Some 270 illustrations attest to the beauty of the work created by craftsman, often basing their designs upon those of Spanish and Mexican artisans. Many of the items included in this volume were, of course, utilitarian, such as saddles, boots, spurs, chaps. Yet they are distinctive in artistry and design, as cowboys used these them to decorate themselves and their horses.

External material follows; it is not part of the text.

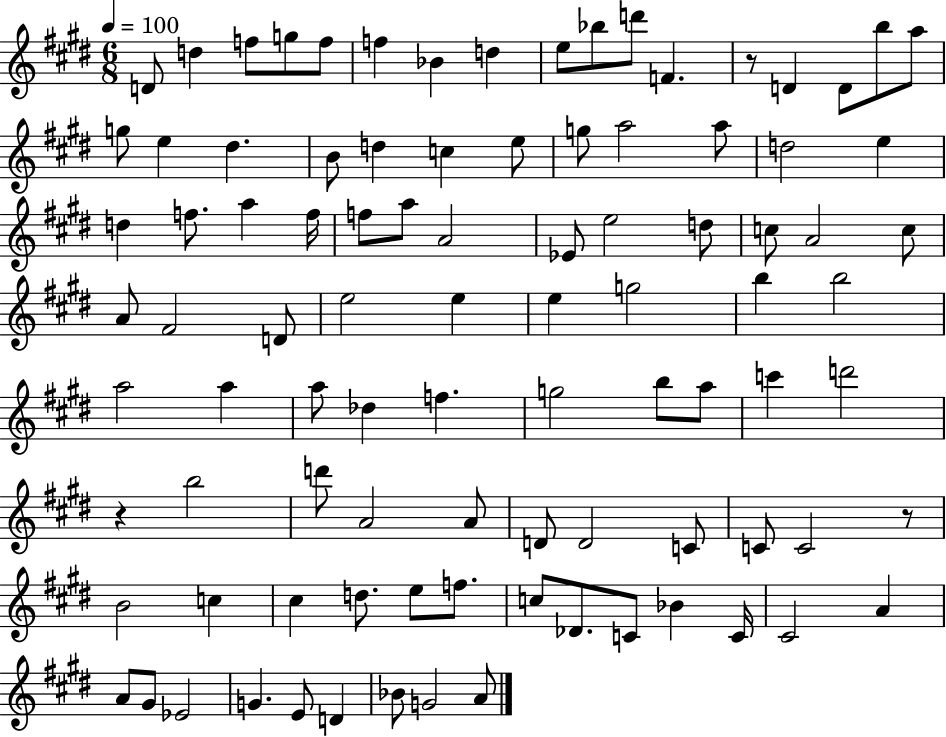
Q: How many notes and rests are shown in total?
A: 94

We find quoted Owen Wister's description of a cowpuncher: "...he wore his careful finery, and from his wide hat-brim to his jingling heels made something of a figure - as self-conscious and deliberate a show as any painted buck in council or bull-elk among his aspiring cows; and out of town in the mountains, as wild and lean and dangerous as buck or bull knows how to be." They were, indeed, a showy lot and festooned themselves accordingly.
Chapter headings include:
1. Stock Saddles and Gun Leather
2. Trophy, Parade, and Presentation Saddles
3. Artistry With Hide and Hair
5. Boots and Hats
In the third chapter we discover leather gloves with gauntlets and red stars sewn to the cuffs, as well as short leather gauntlets with beaded cuffs, hands, and fingers. The epitome of chaps were those covered with hair, often dyed to colorful hues.
Those who consider men and women of the old West to have been rather nondescript will have to reverse their opinion as readers find bridles fashioned of dyed horsehair, as colorful as a wide sky rainbow.
Historians, scholars, and those with an interest in our country's Western history will find much to enjoy in "Fine Art of the West."